This is then the largest open set on which the series converges.
I am wondering why the singularity at $\pi$ is "removable" and how I might be able to determine that when given another problem. Basically, I'm trying to expand my intuition here, which currently would lead me to believe that the function is not analytic at this apparent singularity.
I am also trying to understand why the zero zeros at $\pi$ and $2\pi$ are treated differently. Why exactly are the zeros at $2\pi$ not removable?
Furthermore, why exactly does $f(z)$ fail to converge for $z<0$ and $z>2\pi$?

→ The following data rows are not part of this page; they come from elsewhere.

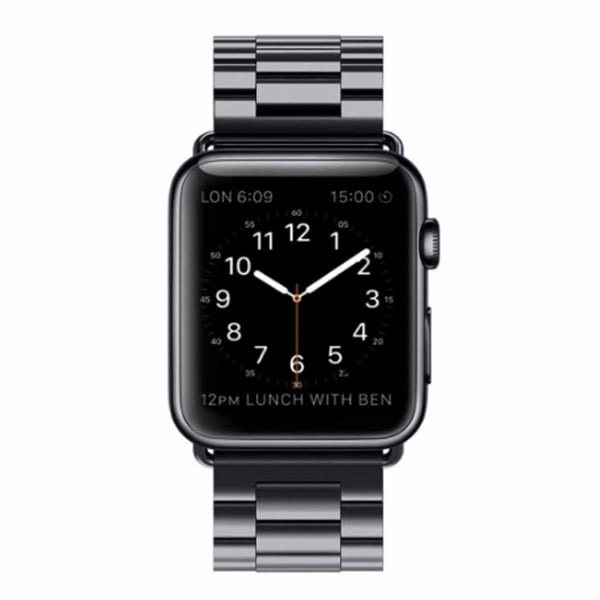 Apple Watch 42/44/45 1/2/3/4/5/6/7/Se metall svart klokkearmbånd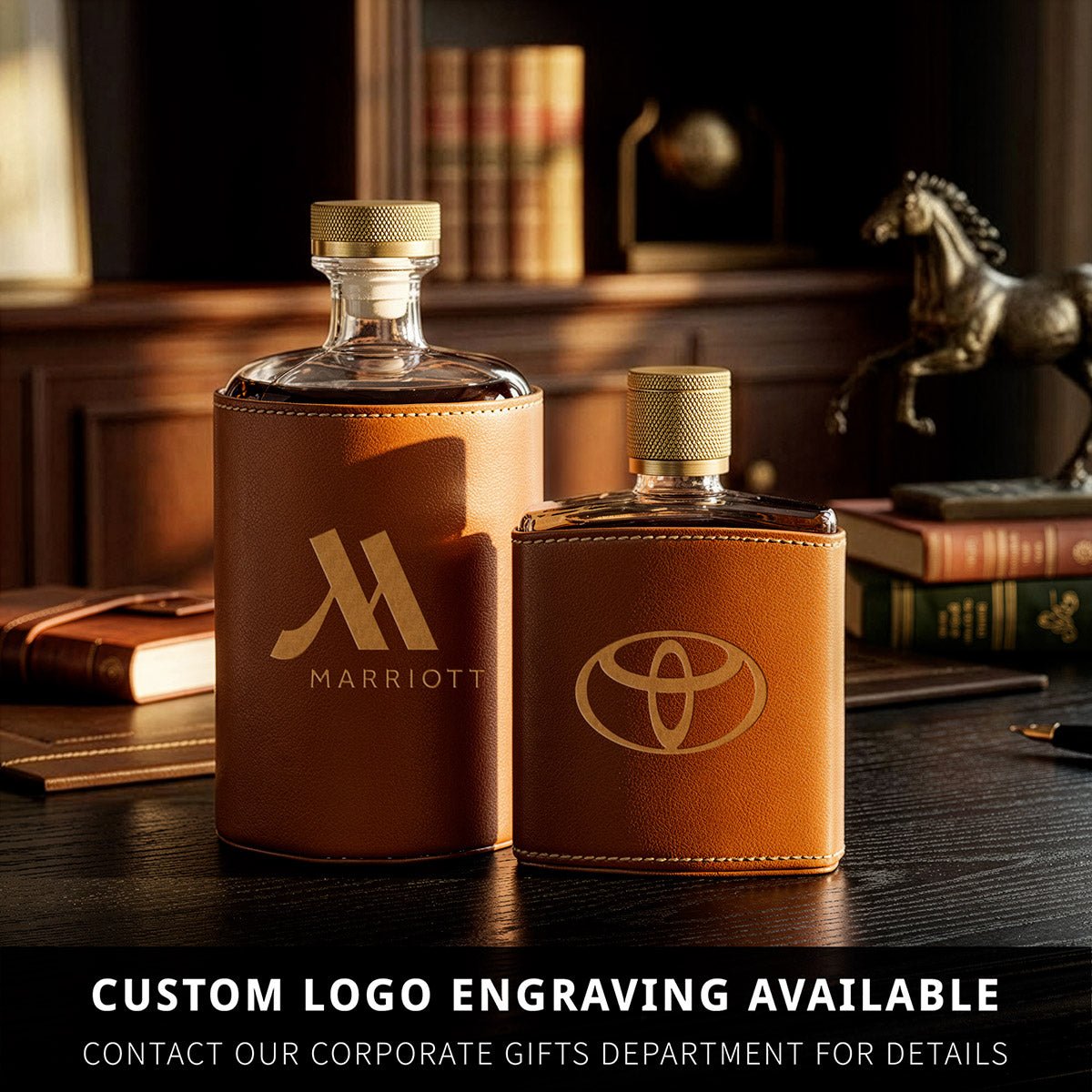 Crawford Leather Whiskey Flask - Golf Ball Glasses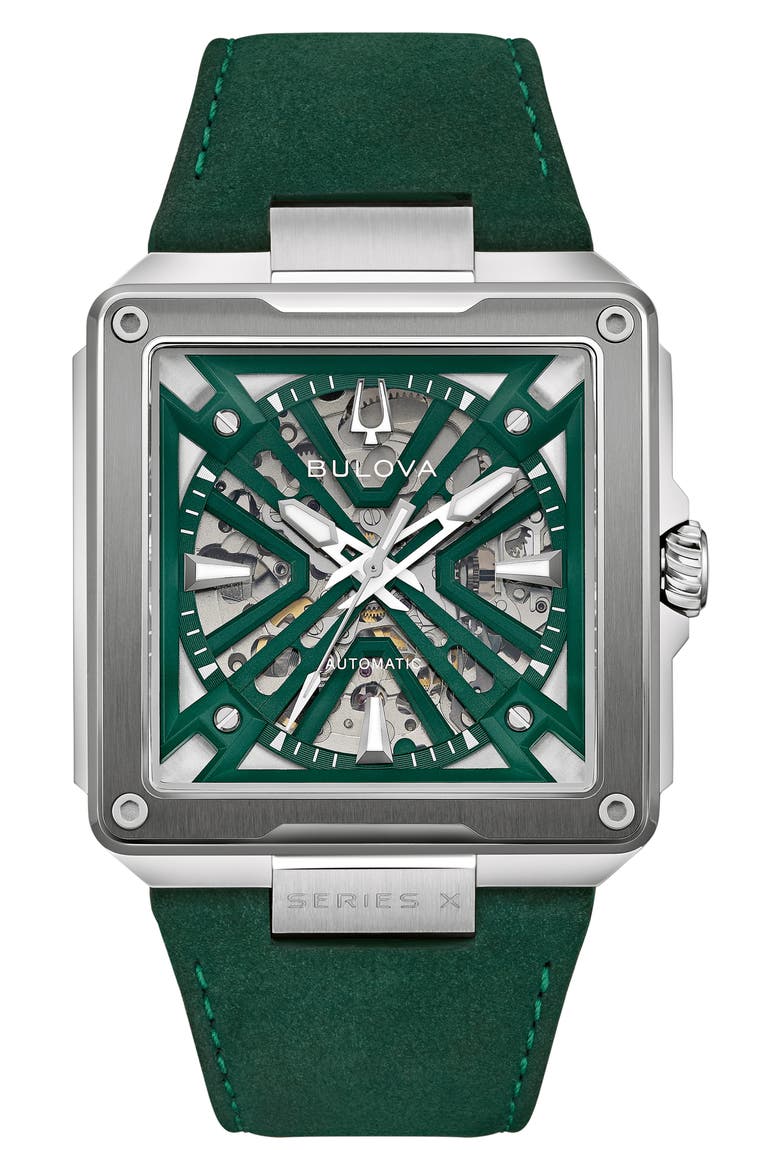 Marc Anthony Series X Automatic Leather Watch, Main, color, GREEN
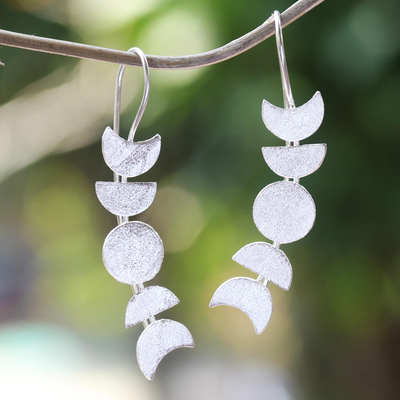 Pendientes colgantes de plata de ley - Aretes colgantes de plata esterlina inspirados en la luna de Bali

I'm having a tough time grasping what is going on here. I would greatly appreciate any/all input!
Thank you so much.
Isolated singularities of an analytic function are either poles, removable singularities or essential singularities. If $|f(z)| \to \infty$ as $z$ goes to the isolated singularity $p$, then by definition $p$ is a pole; if $|f(z)|$ stays bounded as $z \to p$ it is removable, and otherwise it is essential. In particular, if $f(z) = g(z)/h(z)$ where $g$ and $h$ are analytic in a neighbourhood of $p$ and $h(p) = 0$, then $p$ is a pole if $g(p) \ne 0$ or if the order of $p$ as a zero of $g$ is less than its order as a zero of $h$, while it is a removable singularity if $p$ is a zero of $g$ with order greater than or equal to its order as a zero of $h$.
In your case, $\sin(z)$ and $z^2 - \pi^2$ both have zeros of the same order $1$ (simple zeros) at $z=\pi$, so $\pi$ is a removable singularity of $(z^2 - \pi^2)/\sin(z)$.